Can anyone direct me to a website that can walk me through step-by-step instructions on plugging these numbers into an equation.

I am embarassed to admit that after 21 years of school I am still a "see it then do it" sort of guy!

Thanks so much for all the help. I really do appreciate it!
• Sep 15th 2006, 12:59 AM
JakeD
Quote:

Originally Posted by CysticDuct
Excellent ideas.

I will admit this is indeed a preliminary study that will hopefully increase interest in future studies of this kind. I am not looking to publish a ground breaking paper but rather to demonstrate a possible correlation in hopes that someone will pick this up and use it in future work. This is also a 100% non-funded study...which is why I am online trying to figure out how to do the math!

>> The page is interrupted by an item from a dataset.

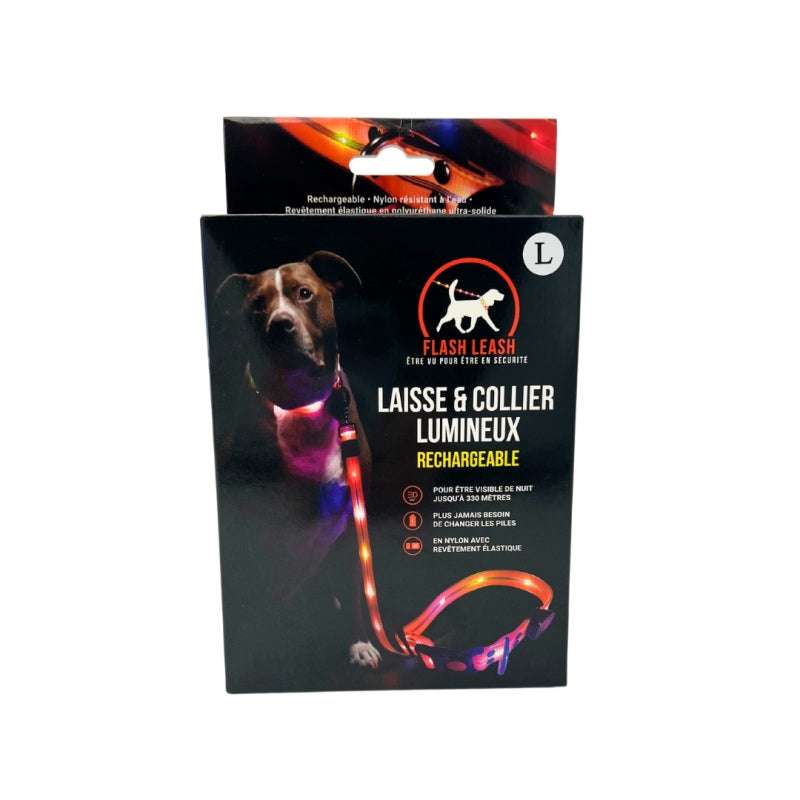 Reflective Dog Leash & Collar Set – Weather Resistant, 1.5M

No one involved is being paid to do any research on anything else so its really all up to me.

Can anyone direct me to a website that can walk me through step-by-step instructions on plugging these numbers into an equation.

I am embarassed to admit that after 21 years of school I am still a "see it then do it" sort of guy!

Thanks so much for all the help. I really do appreciate it!

The first site in this Google search has an extensive explanation and a calculator.